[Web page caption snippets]

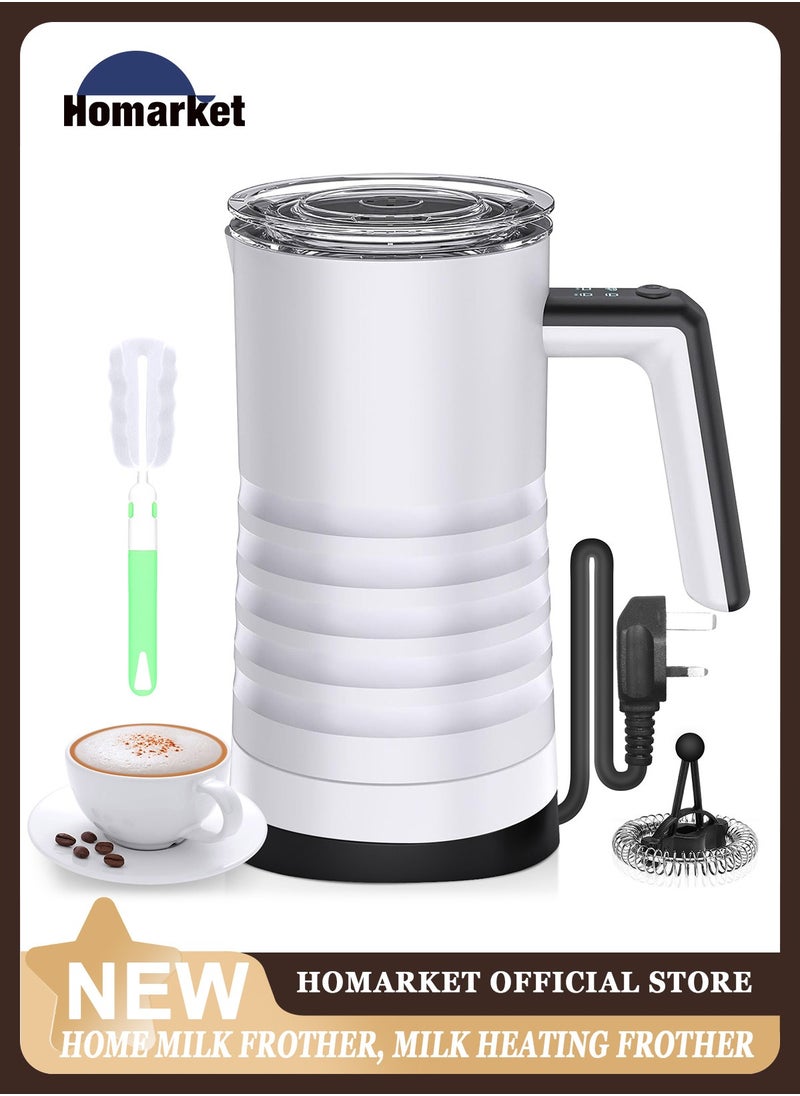 HomarKet Electric Milk Frother and Steamer 4 in 1 Automatic Milk Warmer 400W Non-Stick Interior 350ml Hot/Cold Stainless Steel Milk Foam Maker with Washing Brush for Coffee/Hot Chocolate Milk/Latte/Cappuccinos-White  - Image 1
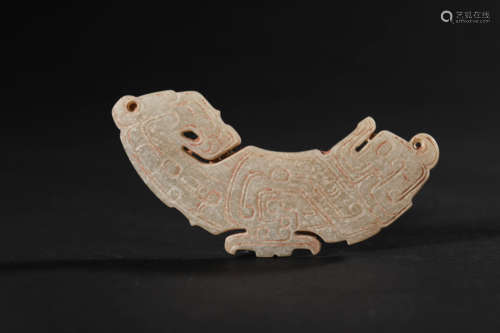 Carved Jade Tiger Pendant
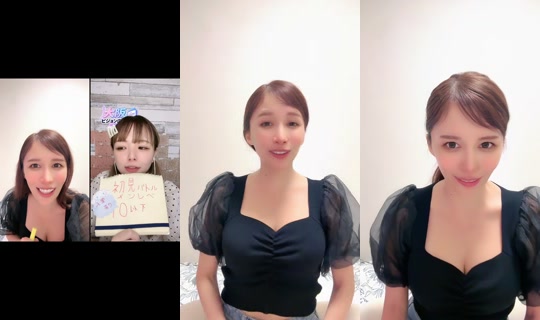 piasu_erock's Stream - Aug 25, 2026, 9:54 PM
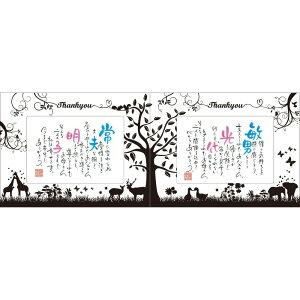 happy pair y Mtg ev[gz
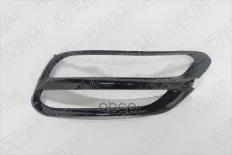 Накладка заднего бампера левая O.E.M. арт. OEM1496L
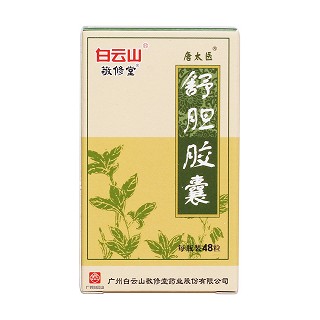 舒膽膠囊(唐太醫)包裝縮略圖1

WHAT IS NEEDED
Exactly the lines from the one with "Накладка заднего бампера" through the end of the records should be written out, and only those. Pictures do not belong in the copy.

THE ANSWER
 Накладка заднего бампера левая O.E.M. арт. OEM1496L
 舒膽膠囊(唐太醫)包裝縮略圖1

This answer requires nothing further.